Hide Forgot
Description of problem: Rhel6 guest video playback is worse than windows guest with the same bandwidth. When playing a full-screen youtube flash movie with firefox, on 6Mbps connection, the movie is sometimes not recognized as stream by spice-server due to too large time differences between frames. As a result, the frames are not mjpeg compressed, and the performance is bad. I've made some modifications to the driver in order to investigate this. The most significant problem is that each time the driver alloc fails, it io exits with a call to UPDATE_AREA(all_primary_surface) and then io exits again with an OOM call. The first io_exit is unnecessary - OOM will handle rendering of the oldest drawables if needed. Removing the UPDATE_AREA call improves the video performance. In addition there are other enhancements in the Windows driver that worth consideration for the Rhel6 driver: (1) copy images from guest memory to the device memory using SSE2 (2) Do not compute hash value for images that are suspected to be a part of a video stream (3) replace lookup3 hash with murmur (Alon has already done it upstream. Need to take it to rhel). All the changes described here should affect not only video, but the general performance of the driver.

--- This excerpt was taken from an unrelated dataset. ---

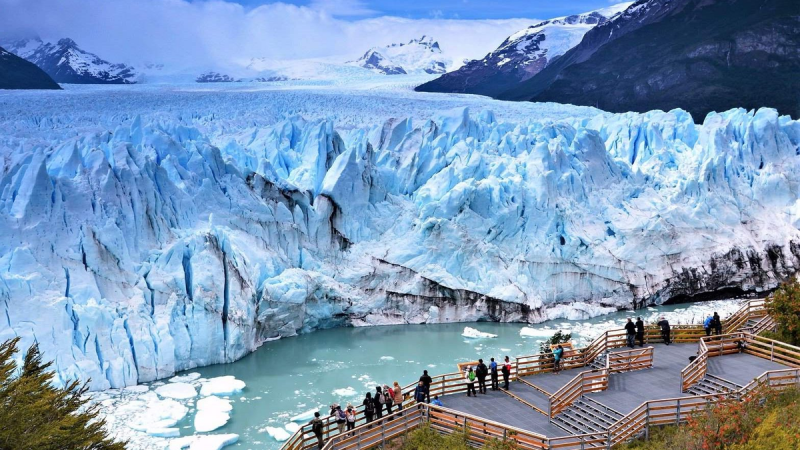 El turismo espera mejoras en la recta final del ao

Created attachment 579279 [details] removing the pre-oom update_area io exits
(In reply to comment #0) > In addition there are other enhancements in the Windows driver that worth > consideration for the Rhel6 driver: > (1) copy images from guest memory to the device memory using SSE2 > (2) Do not compute hash value for images that are suspected to be a part of a > video stream > (3) replace lookup3 hash with murmur (Alon has already done it upstream. Need > to take it to rhel). > > All the changes described here should affect not only video, but the general > performance of the driver. Your bug report is about improving the driver's performance with respect to bandwidth usage if I'm not mistaken while the points above would improve CPU usage. Without actual scenarios where CPU is a bottleneck, I'm not sure it is that important to optimize this. Regarding (1) if the driver is using memcpy, then glibc may provide a SSE2 memcpy version through the STT_GNU_IFUNC mechanism (no idea if such an implementation is already available upstream and in RHEL)
(In reply to comment #2) > (In reply to comment #0) > > In addition there are other enhancements in the Windows driver that worth > > consideration for the Rhel6 driver: > > (1) copy images from guest memory to the device memory using SSE2 > > (2) Do not compute hash value for images that are suspected to be a part of a > > video stream > > (3) replace lookup3 hash with murmur (Alon has already done it upstream. Need > > to take it to rhel). > > > > All the changes described here should affect not only video, but the general > > performance of the driver. > > Your bug report is about improving the driver's performance with respect to > bandwidth usage if I'm not mistaken while the points above would improve CPU > usage. Without actual scenarios where CPU is a bottleneck, I'm not sure it is > that important to optimize this. No, the bug is about cpu. The update_area issue affects video for example, since the time difference between frames become larger, and then it makes it harder to classify the frames as video stream. For the sse2 and murmur hash - IIRC the windows driver experience showed it has improved performance significantly. So I'm not sure it is not important to optimize them. It's at least worth investigation. > Regarding (1) if the driver is using memcpy, then glibc may provide a SSE2 > memcpy version through the STT_GNU_IFUNC mechanism (no idea if such an > implementation is already available upstream and in RHEL)
(In reply to comment #3) > For the sse2 and murmur hash - IIRC the windows driver experience showed it has > improved performance significantly. So I'm not sure it is not important to > optimize them. It's at least worth investigation. > All I'm saying is that saying something needs to be changed because it "improves performance" is useless, we need to know if it improves CPU, throughput, ... and have some (possibly rough) measurements of what was improved, it's very easy to work on "performance improvements" which are visible in microbenchmarks but cause no visible changes at all in the application because the code that was optimized wasn't a bottlenect in the application.
Raising up priority of this bug as we have customers affected with this issue
This request was not resolved in time for the current release. Red Hat invites you to ask your support representative to propose this request, if still desired, for consideration in the next release of Red Hat Enterprise Linux.
Reopening I meant to cond-nak, not nak.